Tal Cohen / EPA
Triple Olympic gold medal-winning sailor Ben Ainslie carries the flame as the first torchbearer of the torch relay around Britain on Saturday.
LONDON -- The sweatsuit comes off and the business hat goes on when it comes to many of those participating in the Olympic torch relay.
The historic ritual only started Saturday, but by Sunday there were already at least eight torches being auctioned on eBay with offers in excess of $170,000, although perhaps not all the bids were genuine.
One volunteer is yet to get hold of the torch but has already put his up for sale.
At this rate we can expect plenty more. Eight thousand bearers are taking part in the relay as the flame travels 8,000 miles around Great Britain. Volunteers are allowed to keep their torch if they pay $340. This is where some have spotted the value – the torches cost $780 to produce, the Olympic organizers having paid the difference.

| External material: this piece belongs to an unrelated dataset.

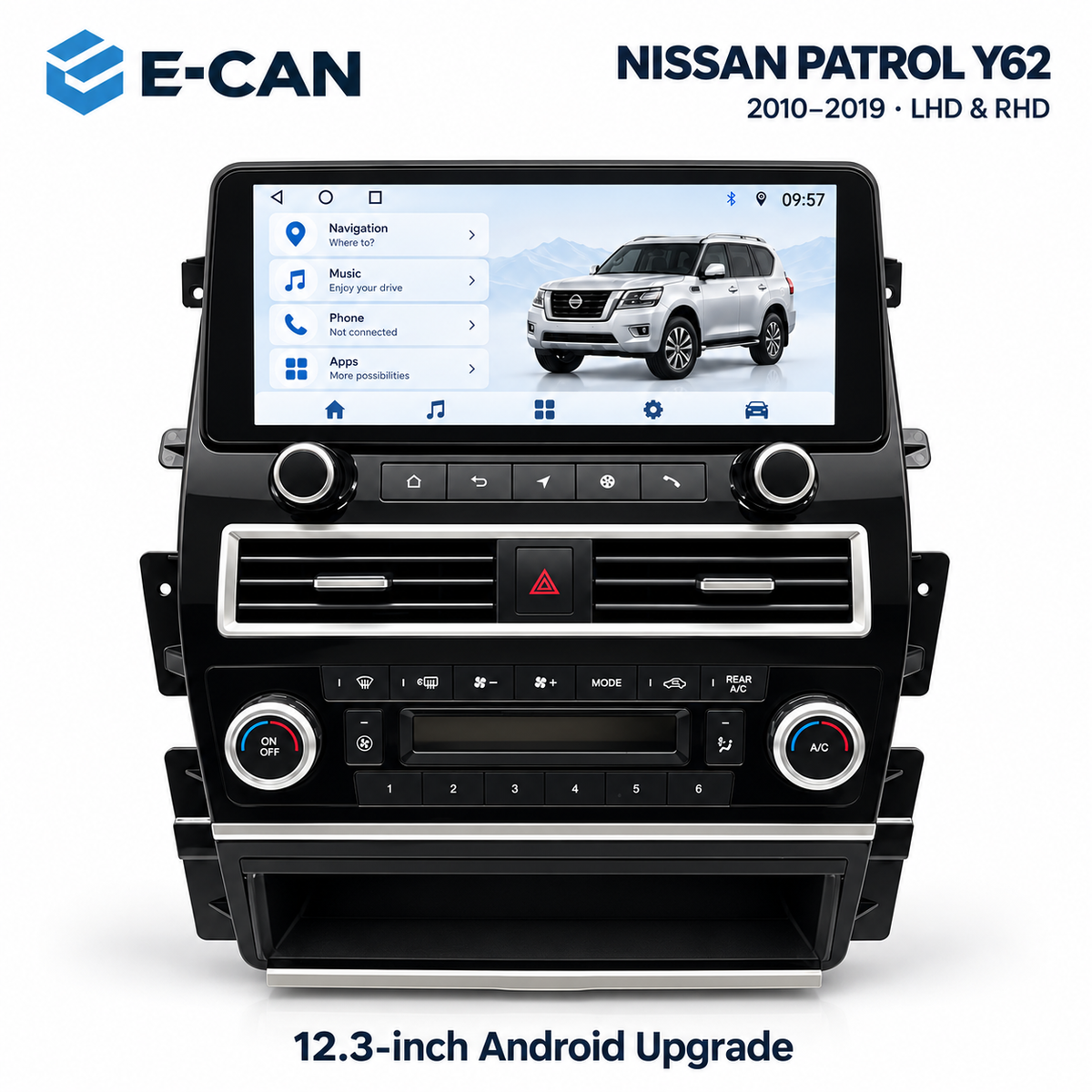 E-CAN 12.3-inch Android upgrade for Nissan Patrol Y62 2010–2019, compatible with left-hand and right-hand drive dashboards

So what do you get for your money? The torches are made of aluminum alloy with a gold effect giving them that all-important shimmer.
Hand-welded, they have 8,000 holes. But, at 31 inches it’s a little long for some mantelpieces.
Andrew Bell was among those deciding to sell, according to the Sun on Sunday newspaper.
“I understand some people may find the idea of selling an Olympic torch offensive,” the 31-year-old from Cornwall, who was among the first carriers, told the paper.
“But we could genuinely use the money,” he added, according to the newspaper.
A spokeswoman for LOCOG, the Olympic organizing committee, seemed relaxed about the moneymaking scheme.
“They are the torchbearers’ property.” She told NBC News. “We just hope they go to a good home.”
So it seems the Olympics and commercialism go hand-in-hand.